Member of the New Hampshire Senate from the 24th district
- In office December 2010 – December 2016
- Preceded by: Martha Fuller Clark
- Succeeded by: Daniel Innis

Personal details
- Spouse: Howard Stiles
- Children: 3
- Occupation: Politician

= Nancy Stiles =

American politician

Nancy Stiles is an American school nutrition manager and former Republican member of the New Hampshire State Senate representing the 24th district.

==Background==

Born in New Bedford, Massachusetts, Stiles earned a Bachelor of Business degree from the University of New Hampshire.

For thirty years before her retirement, Stiles worked as a director of food services and as school nutrition director for the Hampton School District. She also taught food service management for the University of New Hampshire. Stiles has chaired the Public Policy and Legislation Committee of the American School Food Service Association.

== Legislative service==
Stiles served in the New Hampshire House of Representatives for the 15th Rockingham County District, first winning the seat in 2004 and being re-elected in 2006 and 2008. She served on the standing committee on Education.

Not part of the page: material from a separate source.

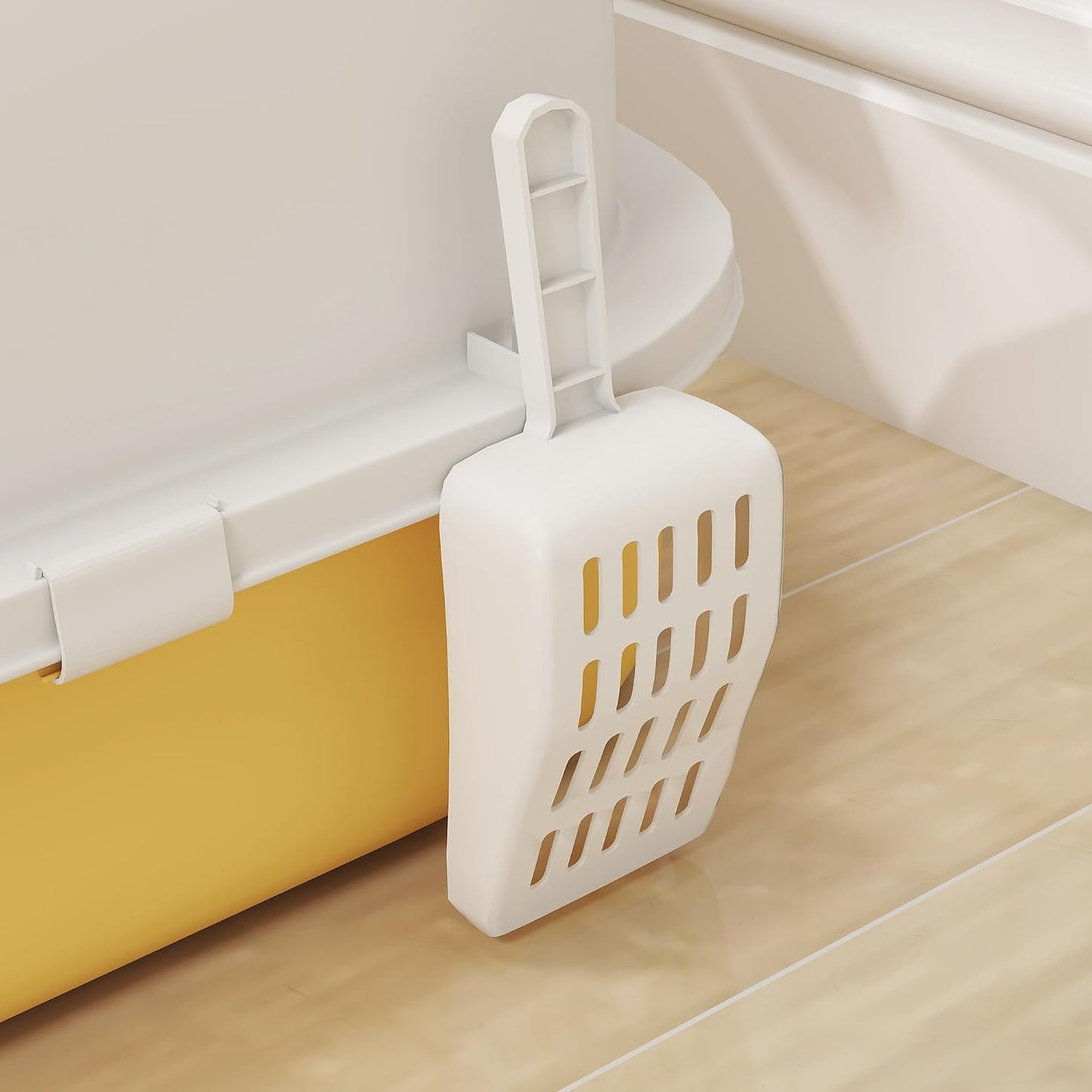 Cat Litter Box Covered Kitty Litter Box with Lid and Scoop Yellow | Deodorizing Bags for Odor Control, Privacy, Portable, Easy to Clean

On November 2, 2010, Stiles won election to the New Hampshire State Senate. She faced no opposition in her primary and defeated Democratic incumbent Martha Fuller Clark in the general election with 11,594 votes to Clark's 11,056. She chairs the Senate's standing committee on education, and is also assigned to the committees on public affairs and on transportation.

In 2013, Stiles was a signatory to an amicus curiae brief submitted to the Supreme Court in support of same-sex marriage during the Hollingsworth v. Perry case.

==Personal==
She and her husband Howard have three children. They live in Hampton, New Hampshire.